¹Mammalian & Aquatic Toxicology Department, Central Agricultural Pesticides Laboratory, Agricultural (CAPL), Research Center (ARC), Giza, Egypt
²Department of Botany and Microbiology, Faculty of Science, Alexandria University, Alexandria, Egypt

Corresponding Author: Elsayed Mohamed Ibrahim ,Email: elsayed.aboelgalagel@alexu.edu.eg

Received: June 19, 2025; Accepted: September 25, 2025.

ABSTRACT

The terrible intensification in global food demand predictably results in an increase in agricultural practices, with a focus on the usage of herbicides. Hence, a deeper understanding of the impact of this herbicide on aquatic ecosystems is required. The characterization of nano-emulsion of fluazifop-P-butyl (FL) and the toxic effects in both traditional and nanoforms on the growth, pigmentation and ultrastructure of the freshwater microalgae: Auxenochlorella pyrenoidosa and Raphidocelis subcapitata were studied. The prepared nano-emulsion has a particle size of 52-94 nm by transmission electron microscopy (TEM). Zeta potential recorded (38.5 mV) and polydispersity index recorded (0.394). Traditional fluazifop-P-butyl (TFL) in the case of A. pyrenoidosa exhibited median effective concentration (EC₅₀) (10.909 ± 3.635 mg/L) (P= 0.235), while nano fluazifop-P-butyl (NFL) recorded EC₅₀ (14.281 ± 6.251 mg/L) (P= 0.205).
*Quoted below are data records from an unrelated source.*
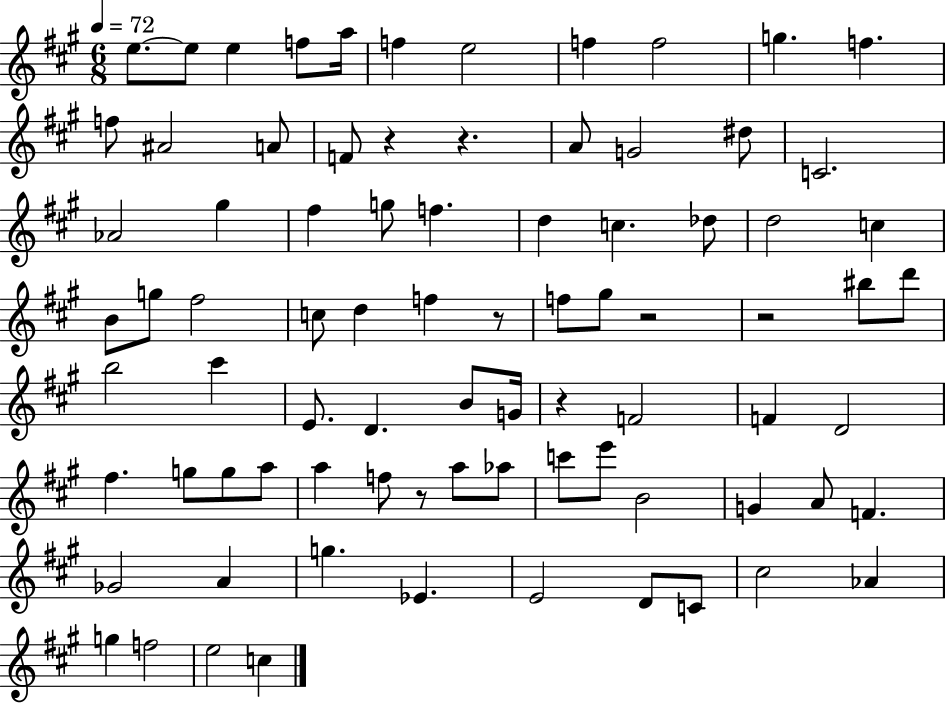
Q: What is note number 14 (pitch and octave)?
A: A4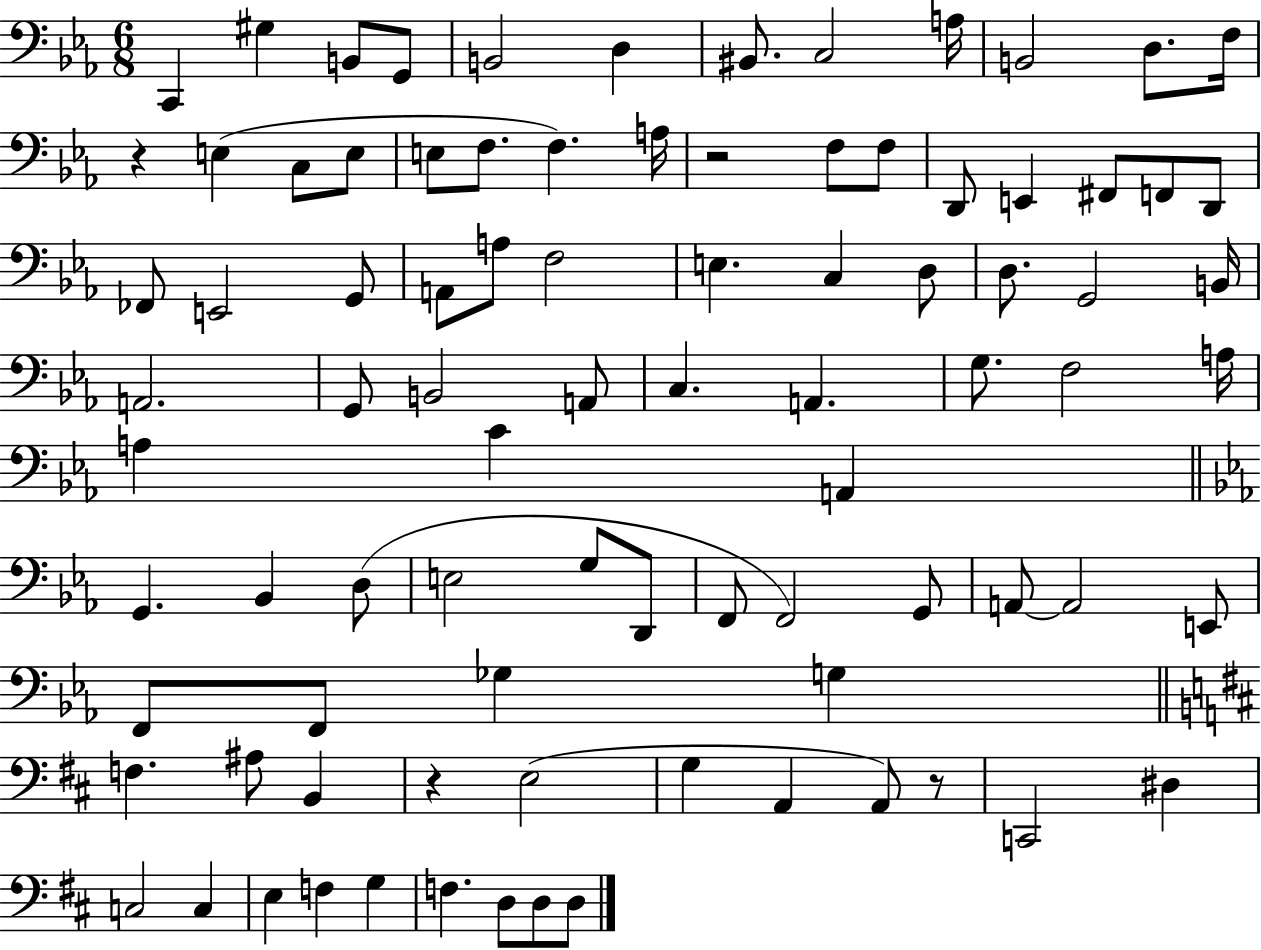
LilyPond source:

{
  \clef bass
  \numericTimeSignature
  \time 6/8
  \key ees \major
  c,4 gis4 b,8 g,8 | b,2 d4 | bis,8. c2 a16 | b,2 d8. f16 | \break r4 e4( c8 e8 | e8 f8. f4.) a16 | r2 f8 f8 | d,8 e,4 fis,8 f,8 d,8 | \break fes,8 e,2 g,8 | a,8 a8 f2 | e4. c4 d8 | d8. g,2 b,16 | \break a,2. | g,8 b,2 a,8 | c4. a,4. | g8. f2 a16 | \break a4 c'4 a,4 | \bar "||" \break \key c \minor g,4. bes,4 d8( | e2 g8 d,8 | f,8 f,2) g,8 | a,8~~ a,2 e,8 | \break f,8 f,8 ges4 g4 | \bar "||" \break \key d \major f4. ais8 b,4 | r4 e2( | g4 a,4 a,8) r8 | c,2 dis4 | \break c2 c4 | e4 f4 g4 | f4. d8 d8 d8 | \bar "|."
}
In the case of R. subcapitata, TFL recorded EC₅₀ (1.174 ± 0.501 mg/L) (P= 0.105), while NFL exhibited EC₅₀ (4.757 ± 1.755 mg/L) (P= 0.150). Exposure of R. subcapitata cells to 0.117 mg/L of TFL significantly decreased chlorophyll a level by (-)15.51% (P= 0.002) relative to control. Also, chlorophyll b content in A. pyrenoidosa cells significantly decreased upon treatment with 1.43 mg/L of NFL by (-)67.16% (P= 0.001). Carotenoid content in A. pyrenoidosa cells significantly increased after exposure to 1.09 mg/L of TFL by 108.88% (P= 0.001) compared to the control. Likewise, exposure of R. subcapitata cells to 0.117 mg/L of TFL elevated carotenoid levels by 200.57% (P < 0.001). Destroyed chloroplasts and compacted cell walls were observed through TEM when A. pyrenoidosa was exposed to 1.09 mg/L of TFL and 1.43 mg/L of NFL. Likewise, R. subcapitata cells were exposed to 0.117 mg/L of TFL and 0.476 mg/L of NFL. This study demonstrates that both conventional and nano-forms of FL endanger the integrity of the ecosystem and have adverse impacts on non-target organisms. Thus, it's crucial to follow biosafety protocols concerning non-target species before deciding to use this herbicide.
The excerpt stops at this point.